My paintings will visualize the suffering of young women living with invisible illness, but also celebrate the strength and beauty of disabled bodies. I am planning a series of three stylized portraits, showing women of different shapes and sizes grappling with stylized or metaphorical depictions of illness. I want to visually represent some of the invisible symptoms that can cause so much grief and highlight the strength and tenacity of sufferers, who endure so much and whose experiences are marginalized or dismissed. Each painting will have a brief accompanying text that highlights a specific statistic or issue, shedding light on these issues or debunking common myths about disability.
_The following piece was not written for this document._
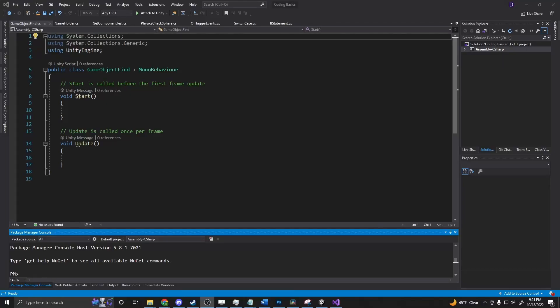What exactly is GameObject.Find? This is a very simple function that returns the game object with a name.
Like most of my work, these paintings will include stylized elements of the natural world, hyper-saturated colours, and pop surrealist elements.
Lilith. “This illustration, created for a feminist zine, depicts a 21st century personification of Lilith destroying the snake of patriarchy.”
The Night Ride. “This is the first piece in an ongoing series exploring a nocturnal fantasy world that awakens after dark, inspired by my struggles with insomnia.”
Kings and Queens. “This painting exhibits a lot of elements I want to bring to this series: stylized bodies, bright colours, and a maximalist design.”